» **WHAT YOU SHOULD DO**:
Where the line containing "2015 Ford Mustang Blue vin: 1FA6P8AM7F5386181" appears in the entries below, begin there and output every line through the last, exactly, minus the pictures.

» **THE DATA**:

--------------------------------------------------

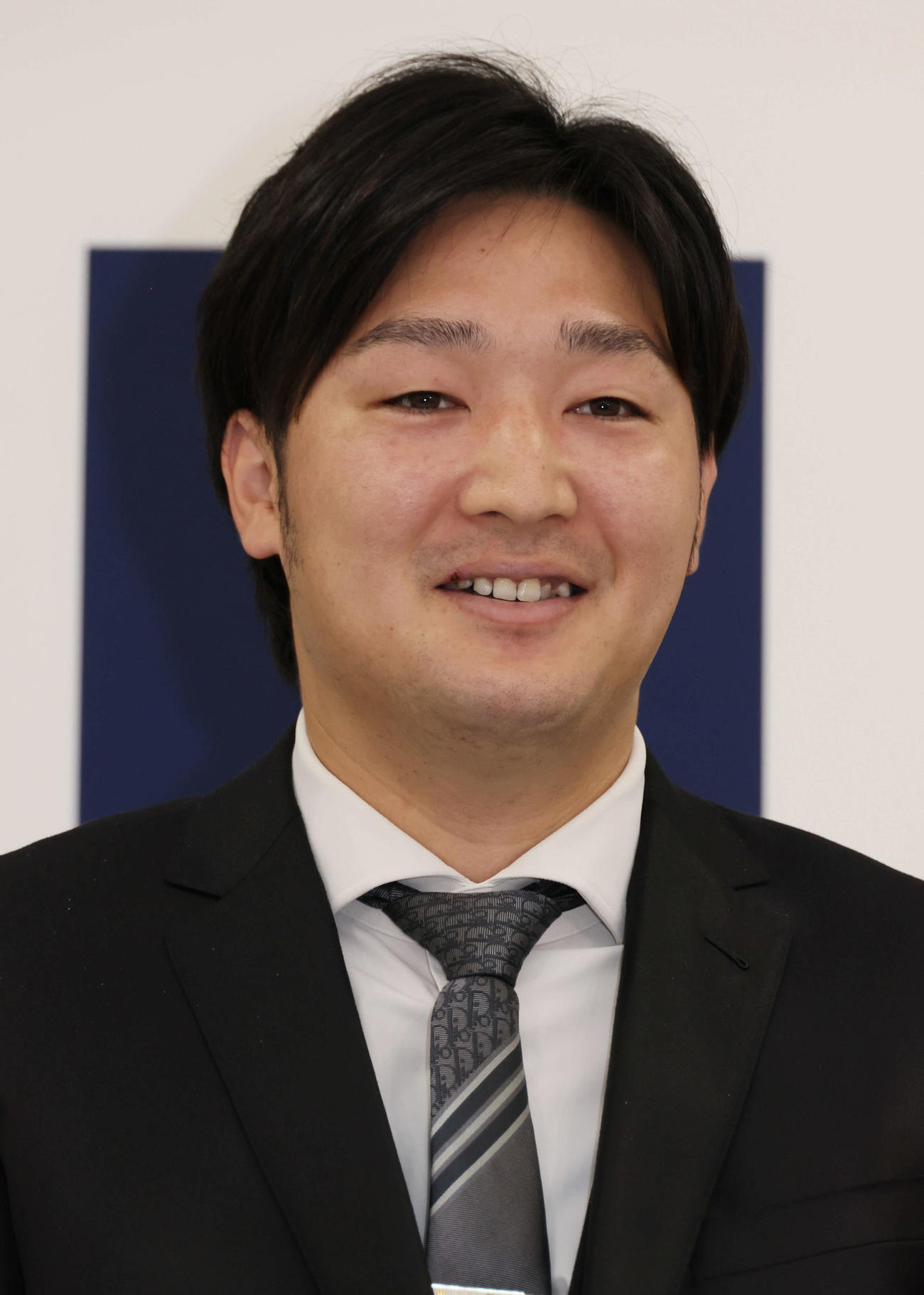 契約更改後、会見する広島床田（撮影・加藤孝規）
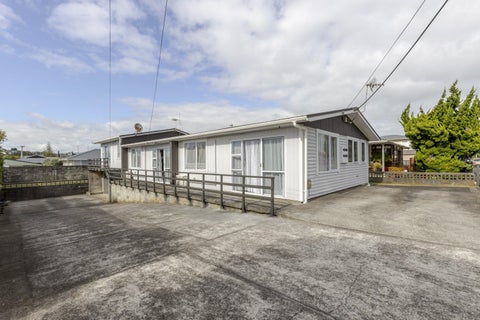 8 Simons Street, Moturoa, New Plymouth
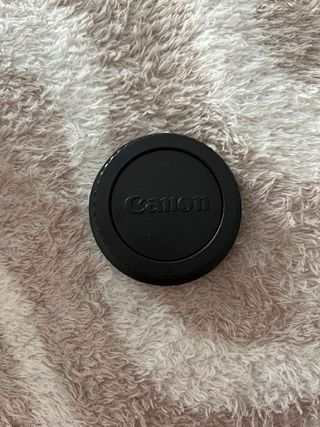 Cámara Canon 1200D + muchos  Accesorios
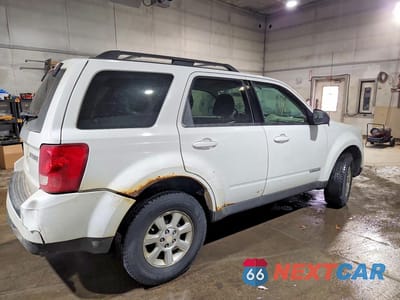 Trzecie zdjęcie samochodu z tyłu: 2008 MAZDA TRIBUTE S VIN:4F2CZ06108KM28654 - miniatura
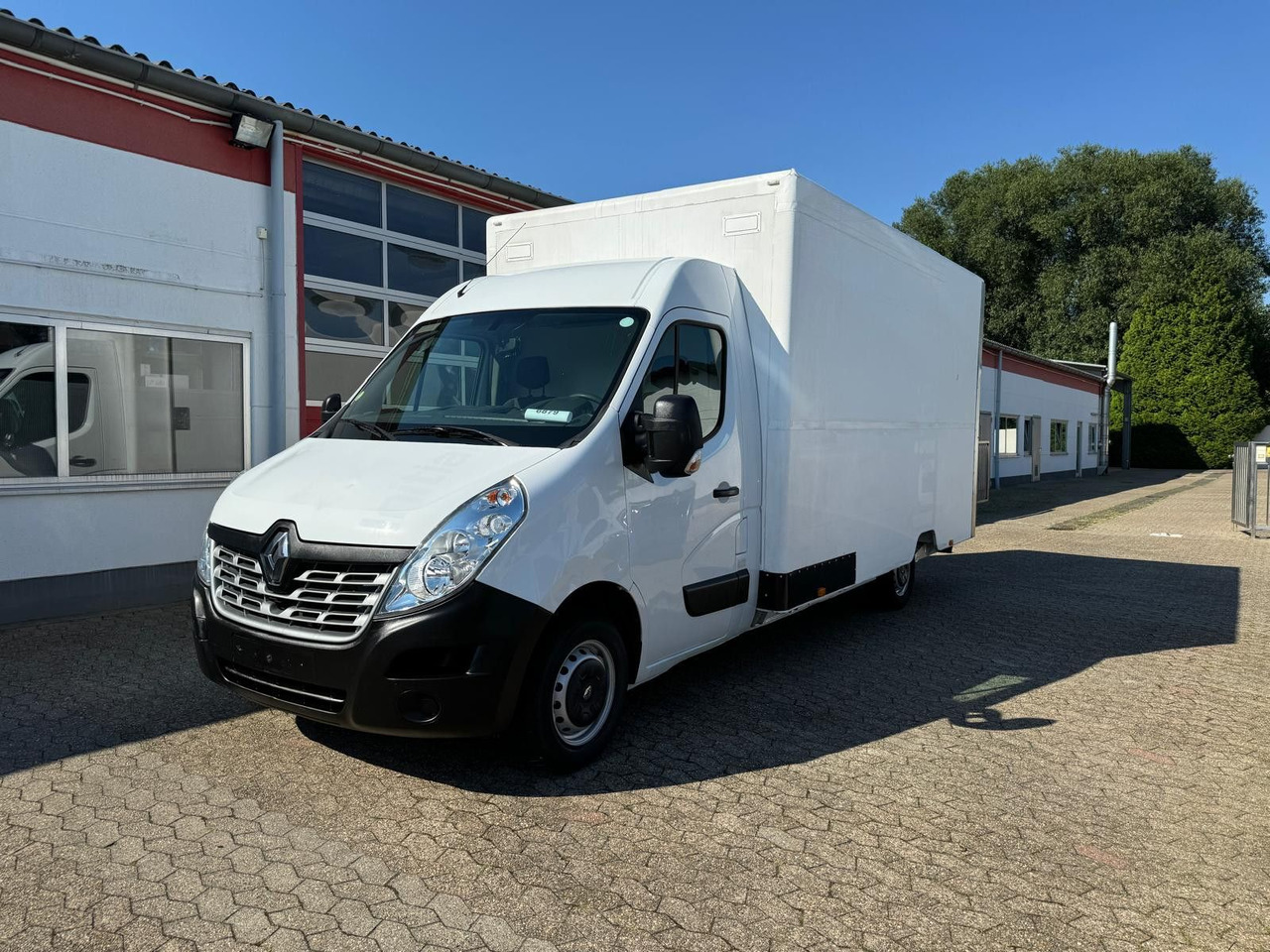 Renault Master Koffer mit Auffahrrampe 1200kg Nutzlast - Furgoneta: foto 1 Renault Master Koffer mit Auffahrrampe 1200kg Nutzlast - Furgoneta: foto 1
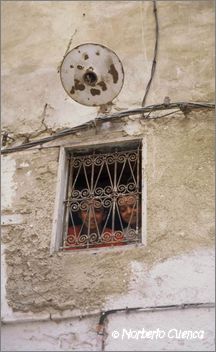 062marruecos 2003-fes-jovenes en ventana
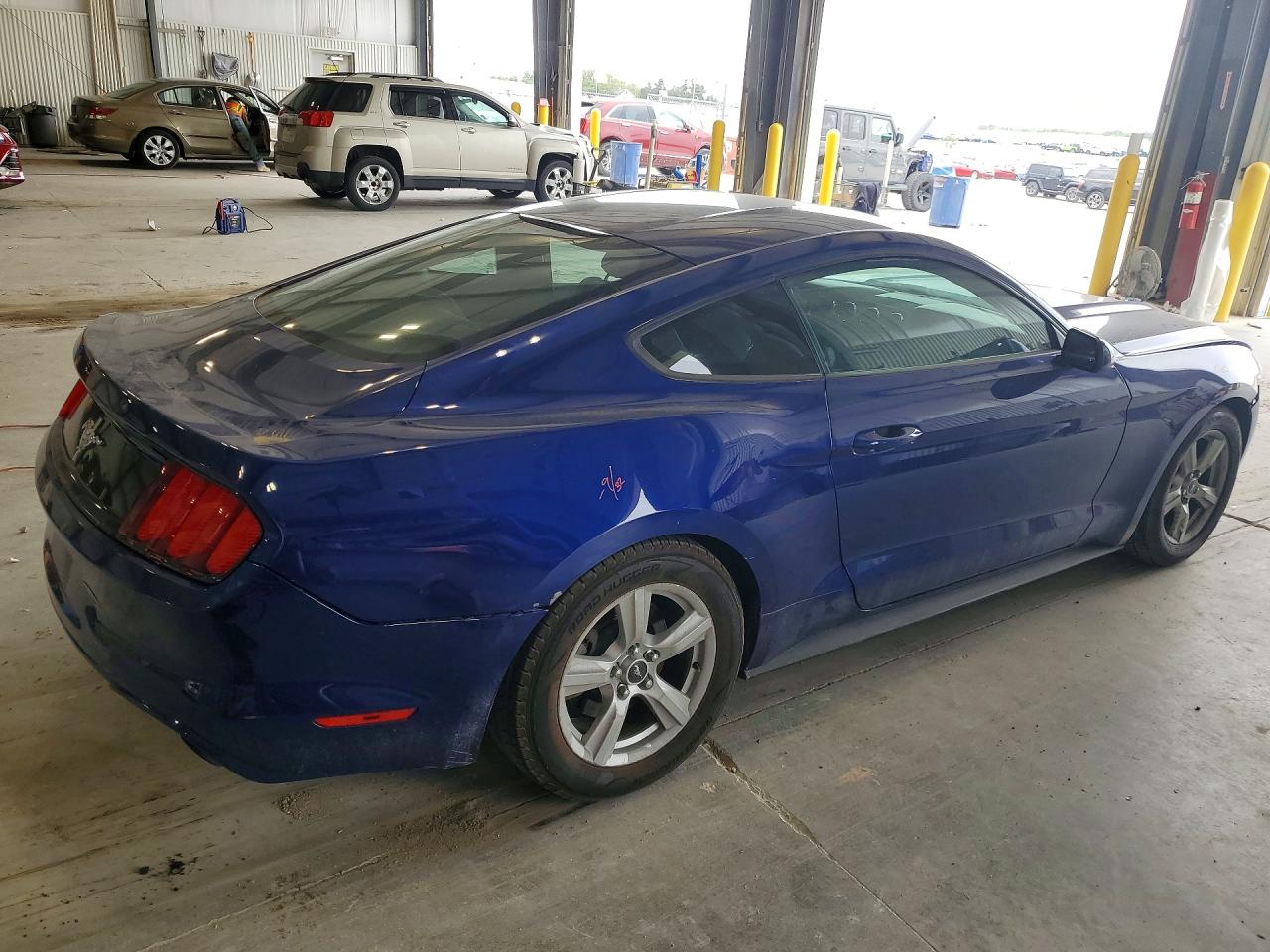2015 Ford Mustang Blue vin: 1FA6P8AM7F5386181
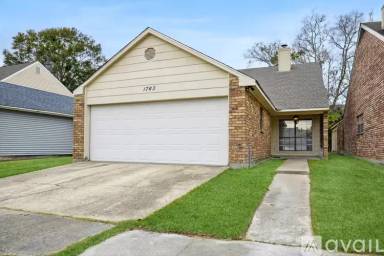 Main picture of 1763 Briar Oak Dr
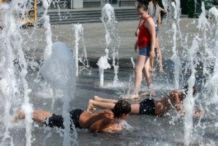 Дончане рискуют своим здоровьем и спасаются от жары в фонтанах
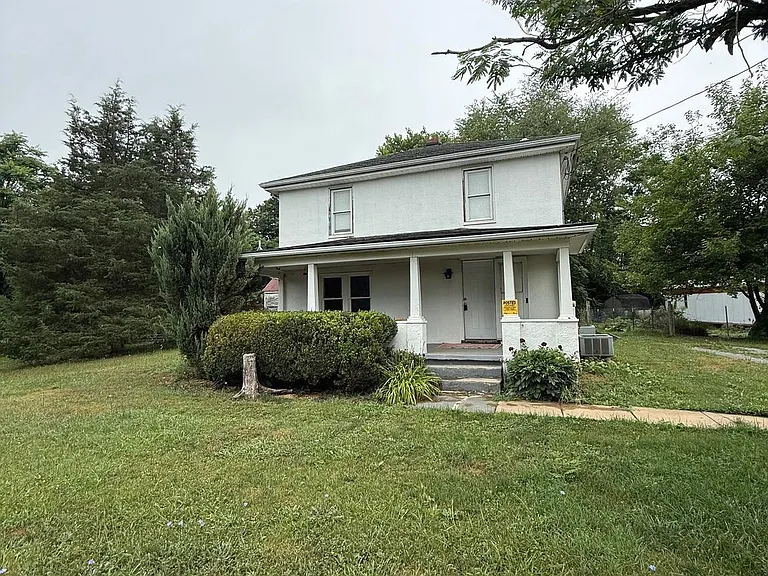 10860 Winchester Ave — Photo 1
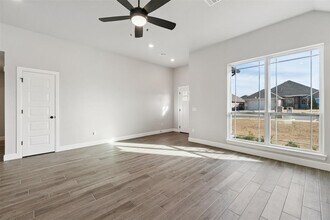 19701 Brookville Dr in Edmond, OK - Building Photo - Building Photo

--------------------------------------------------

» **RESPONSE**:
2015 Ford Mustang Blue vin: 1FA6P8AM7F5386181
 Main picture of 1763 Briar Oak Dr
 Дончане рискуют своим здоровьем и спасаются от жары в фонтанах
 10860 Winchester Ave — Photo 1
 19701 Brookville Dr in Edmond, OK - Building Photo - Building Photo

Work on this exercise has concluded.